QuoteFriends... I need encouragement. I am not going to write a book.. I'm going to give you a few sentences.. It will suffice.
As some of you know, I have an adult son, age 45 that has lived with my husband and I since he got out of the military 10 years ago. He is an alcoholic. He can barely keep himself clean or keep up his room, or continue to hold a part time job. Which he does.. but to buy booze. I had to have him physically removed from my home last Sunday as he was out of control. He currently is in a VA facility. This is his 2nd stay at rehab this year. I have told him he cannot return to my home.. I am petrified what will happen to him... I am sad.... I am sick to my stomach and to my heart. Did I do the right thing? How do I stay strong.. ?? He is begging to come home.. I just cannot have him here... but I cannot let him die in the streets.. He is a wonderful person.. sober.. but not when he is drunk.. I cannot chance it. but I need strength.
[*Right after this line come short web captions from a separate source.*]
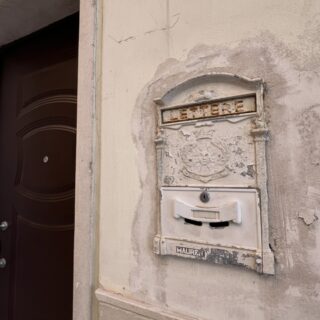 Dettaglio cassetta delle lettere d'epoca in un palazzo a Capurso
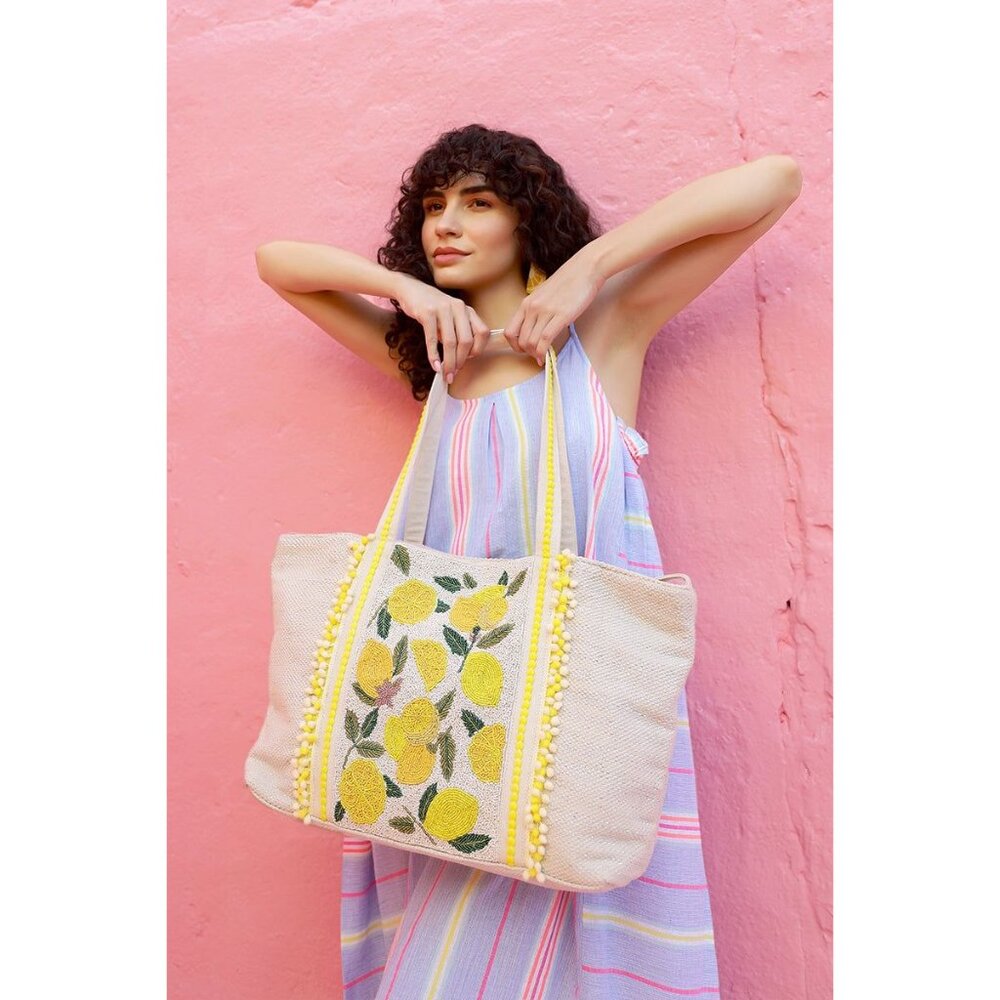 NWT White Lemon Print Tote Bag with Structured Design - Picture 12 of 12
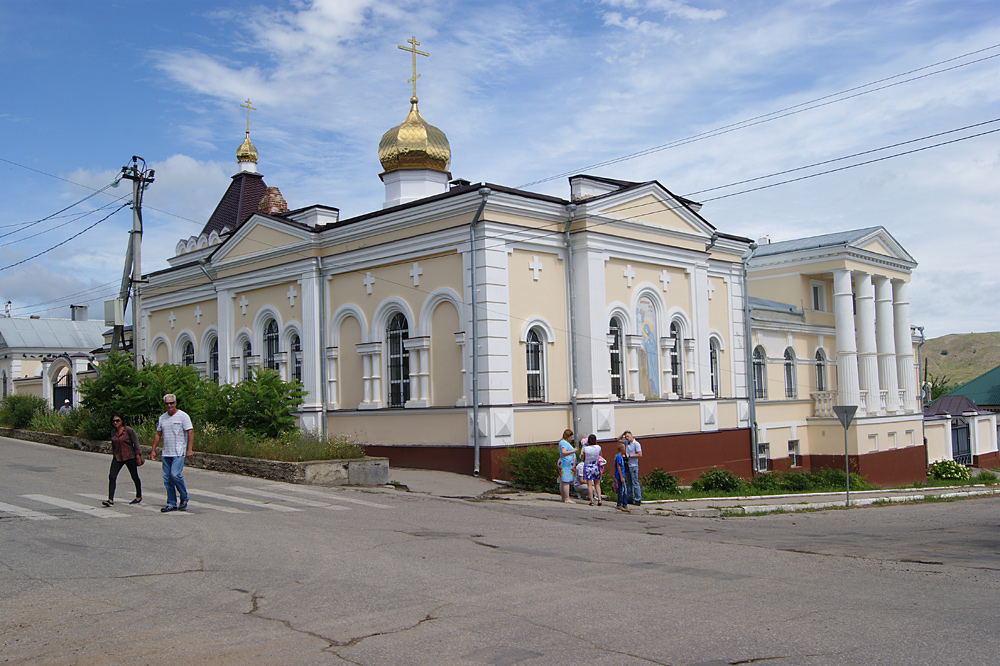 Церковь на ленина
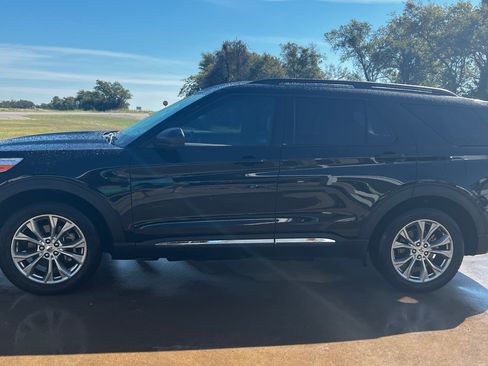 Used 2023 Ford Explorer XLT w/ Equipment Group 202A image 6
It's almost a year to the day... and what a difference a year makes. My son has gone through the program at the VA. Lived this last year in a homeless veterans shelter and concentrated on staying sober. He will have one year of sobriety on December 7th.. just six days from today. Since then:
He has found a good job with the help of the VA counselors
Put some money away
Found a nice apartment and is now living on his own
I would have never thought it possible one year ago. Of course I am still cautiously optimistic and know that trouble is only one drink away. So I encourage him to continue to be active in AA.. and to continue to stay sober. The rest is now up to him.